‘Free pass’ will not be tolerated
I find it hard to believe that anyone in the city of Gretna is considering voting to re-elect city Commissioner Willie Fagg. Have the good folks in Gretna forgotten that Fagg called them stupid, ignorant black people? If a white person would have called you stupid and ignorant, you would have been outraged.
Now is the time to send a strong message to Mr. Fagg or anyone else who would disrespect you as intelligent black people that this kind of behavior will not be tolerated. Giving him a free pass to do so only makes others bold enough to do the same or much worse. Haven't you heard that if you cut off the head, the rest will die?
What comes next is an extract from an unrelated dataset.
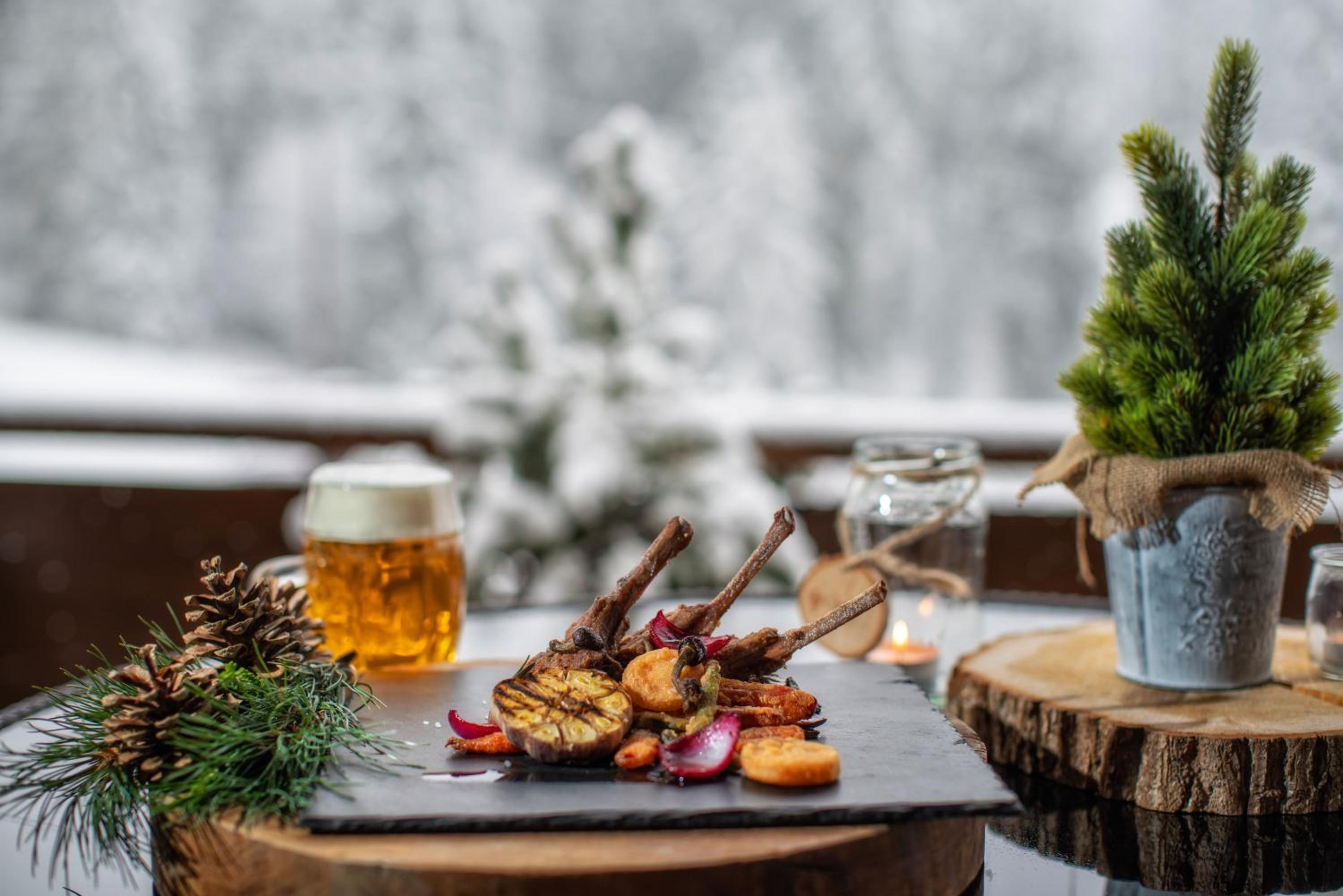 Pensjonat Orlik Mountain Resort&SPA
What he said was not a slip of the tongue, but rather what was in his heart: "...for of the abundance of the heart, his mouth speaketh."
It is vital that the good folks in Gretna let Commissioner Fagg and others know they should put their minds in gear before putting their mouths in motion.
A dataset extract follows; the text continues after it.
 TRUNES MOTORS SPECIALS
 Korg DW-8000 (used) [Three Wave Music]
Take responsibility for your water supply
Most citizens of Gadsden County receive their water from public utilities, which are first and foremost accountable to consumers. Most others are served by wells directly connecting the limited groundwater aquifer to our vital sustainability and tenuous dependence upon public regulatory oversight.
Like the air we breathe, we all have the essential right to safe, affordable water – a right of public trust that should never be subject to interference by private corporations, local or remote.
In communities throughout the southern coastal plain, citizens are now experiencing the effects of a decline in one of our most crucial but least understood natural resources: groundwater. This fact has been notable especially during the recent years of extended drought occurring simultaneous with increased demands. The protection and security of plentiful and clean groundwater will increasingly have significant human and natural consequences for our growing county needs.
Water is the essence of life. But, now, because our water resources are more obviously finite and increasingly polluted, a public resource for the benefit of all has become blue gold for freewheeling corporate profit. Water is about life itself, not a commodity. To ensure safe and affordable water for all now and in the future, we must work together to understand our watery connections and oppose any proposals to shift operation or ownership of public systems to private corporations and too, counter corporate marketing strategies, such as for bottled water, that promote water as just another “commercial product” rather than an essential resource – the most essential of the commons – to be held in the public trust. Each of us must begin to think deeply and long about Gadsden’s water future.
It is not simply a Florida, Georgia and Alabama legal conflict or some mere water management district issue. The unseen groundwater aquifer is personally and literally every home.
We must take the civil responsibility to preserve and localize our water and to expand local democratic control of all water resources and over water services. The future’s here; we are it.